En marge de ce constat général, notons enfin que le prêt coup de pouce, lancé à l’automne dernier par le ministre wallon de l’Economie Jean-Claude Marcourt, qui permet à un citoyen (en échange d’un avantage fiscal) de prêter un montant maximum de 50.000 euros à une jeune PME ou à un indépendant qui a lancé son activité il y a maximum cinq ans, affiche lui aussi des chiffres encourageants.

La confiance des chefs d’entreprise est croissante, mais on ressent malgré tout une grande prudence”, Dirk Fyselinck, membre du comité de direction de Belfius.

En six mois, quelque 63 demandes ont été introduites par des entrepreneurs wallons, totalisant 1,3 million d’euros. Un premier bilan positif, estime le SNI (Syndicat neutre pour indépendants).

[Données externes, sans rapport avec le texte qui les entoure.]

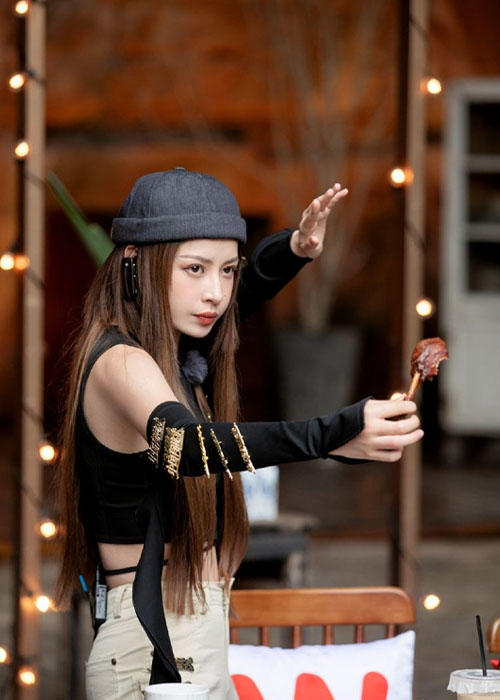 Top 9+ Kiểu Tóc Của Chi Pu Với Phong Cách Dịu Dàng và Quyến Rũ tóc layer dài của Chipu Chuẩn Hàn Quốc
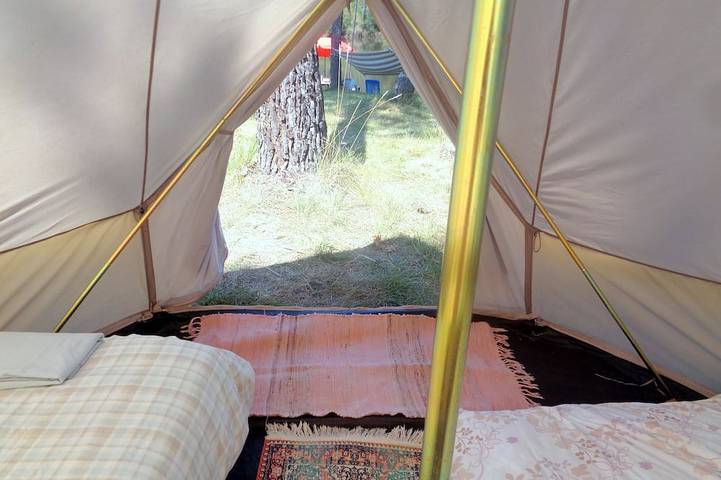 Gîte pour 6 personnes, avec terrasse et jardin à Saint-Vincent-Jalmoutiers - 4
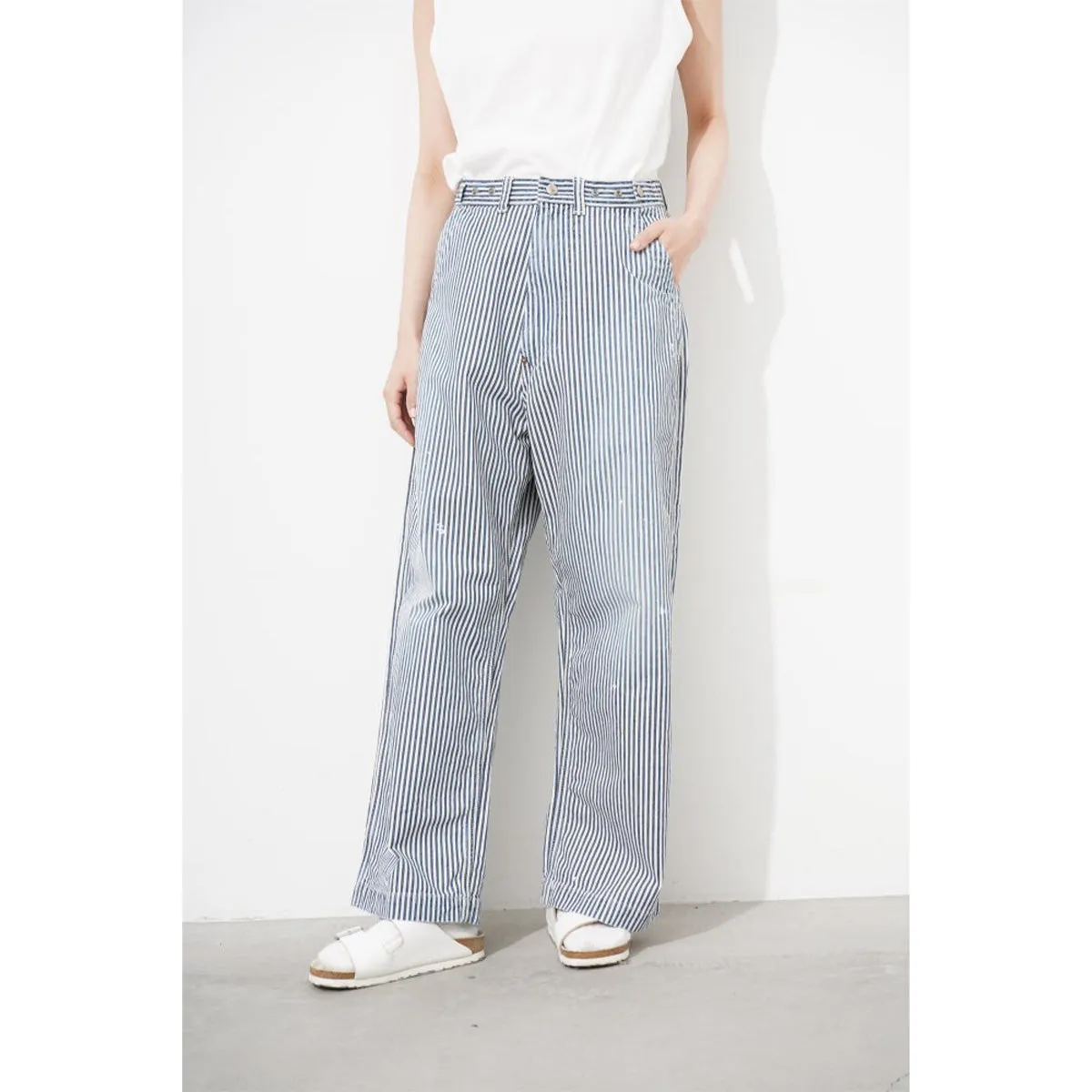Bell Pants, Stripes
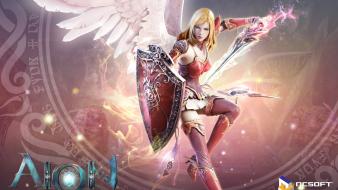 Aion Online Screen wallpaper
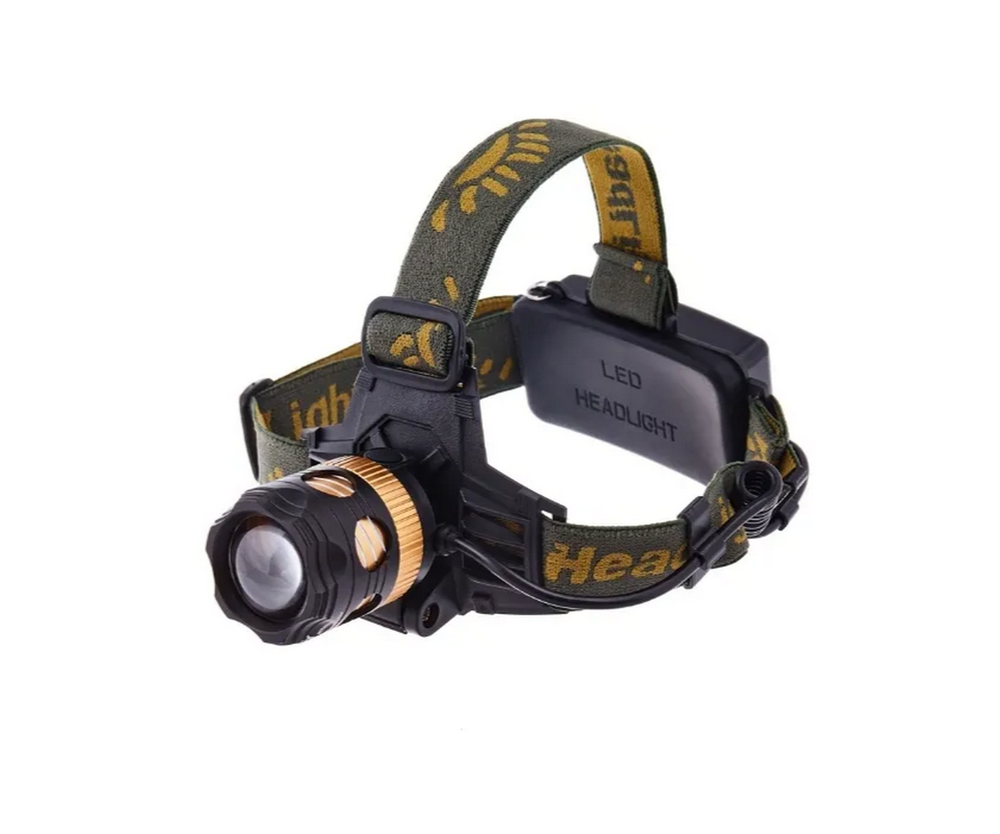 Фонарь NGY HYT-K13-WY налобный, яркий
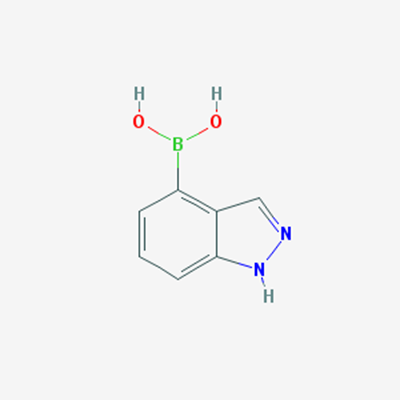 Picture of (1H-Indazol-4-yl)boronic acid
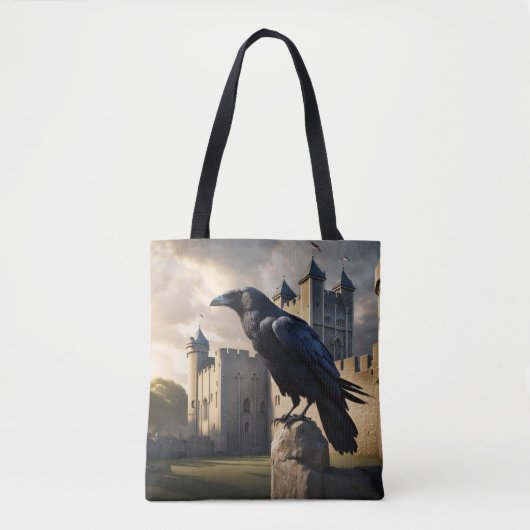 Raven Tote Bag (Voorkant)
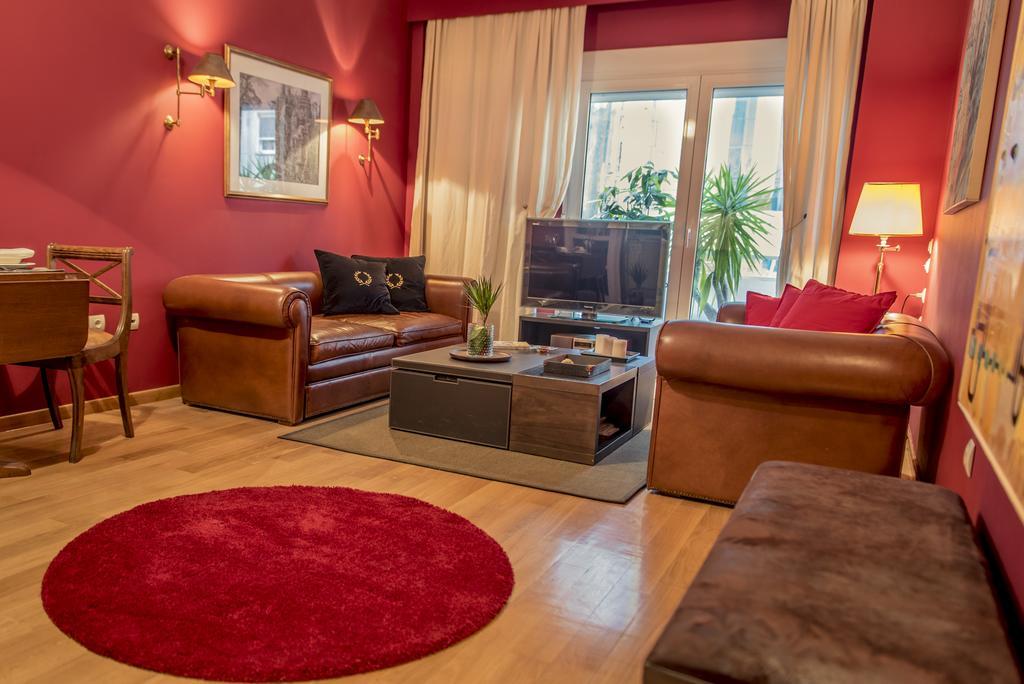 Elegant Supercentral Apartment Tessalónica Exterior foto
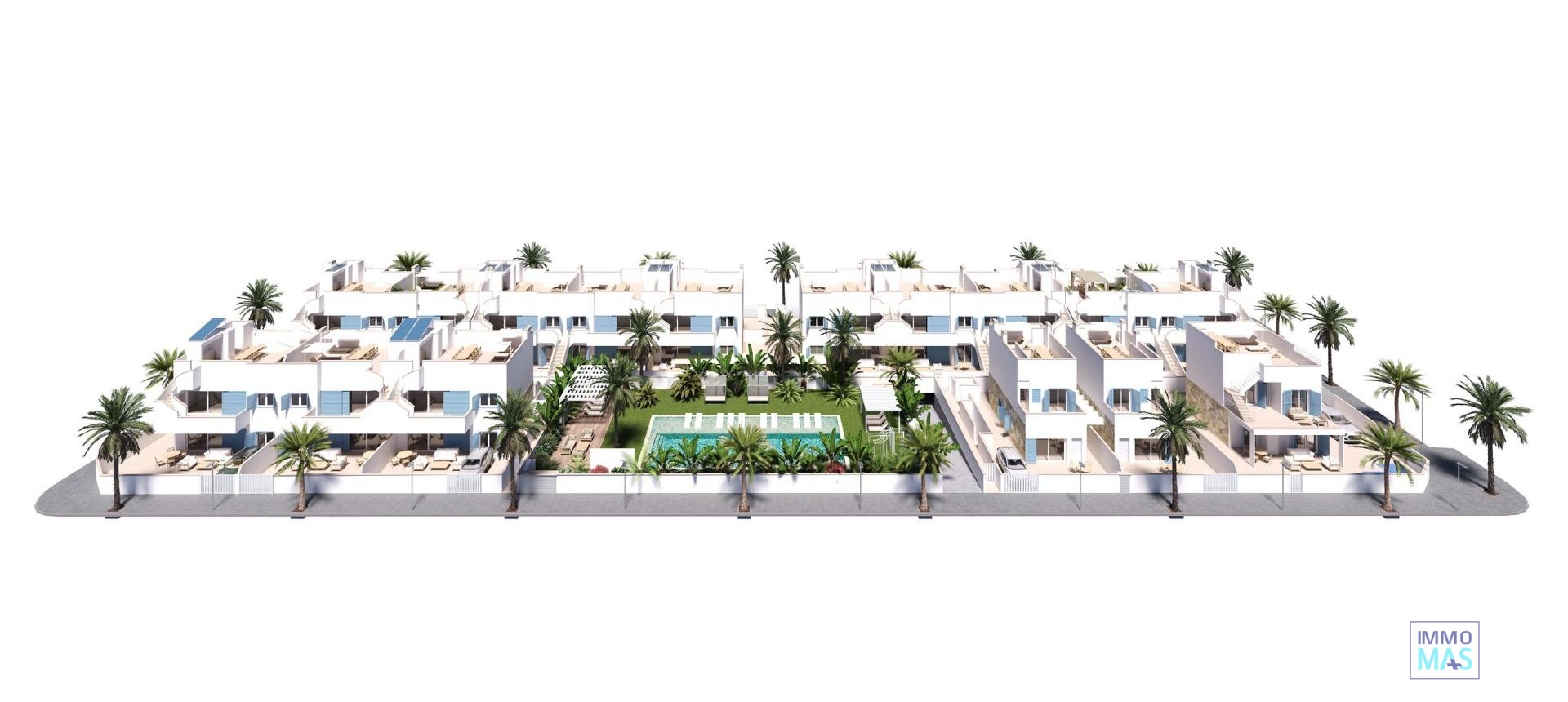 Nouvelle construction - Top Floor Bungalow - Pilar de la Horadada - Torre De La Horadada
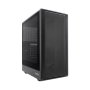 COOLBOX GA700 DarkSide Negra con Cristal Templado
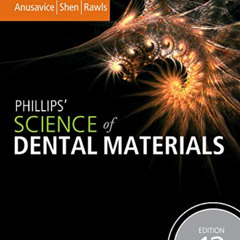 READ EPUB 📥 Phillips' Science of Dental Materials, 12e by  Kenneth J. Anusavice DMD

Si l’on compare le dispositif wallon à son équivalent flamand (win-winlening), ce dernier avait totalisé six mois après son lancement en 2006 une soixantaine de demandes pour un montant total levé de 1,7 million d’euros. Or, ” n’oublions pas qu’il y a deux fois plus d’indépendants et de PME en Flandre qu’en Wallonie “, souligne Christophe Wambersie, secrétaire général du SNI pour la Wallonie et Bruxelles. Fin 2015, il y avait en effet 635.507 indépendants en Flandre (61 % de tous les indépendants du pays), contre 287.464 en Wallonie (soit 28 %). Des premiers résultats wallons qui n’ont donc pas à rougir de ceux enregistrés en Flandre.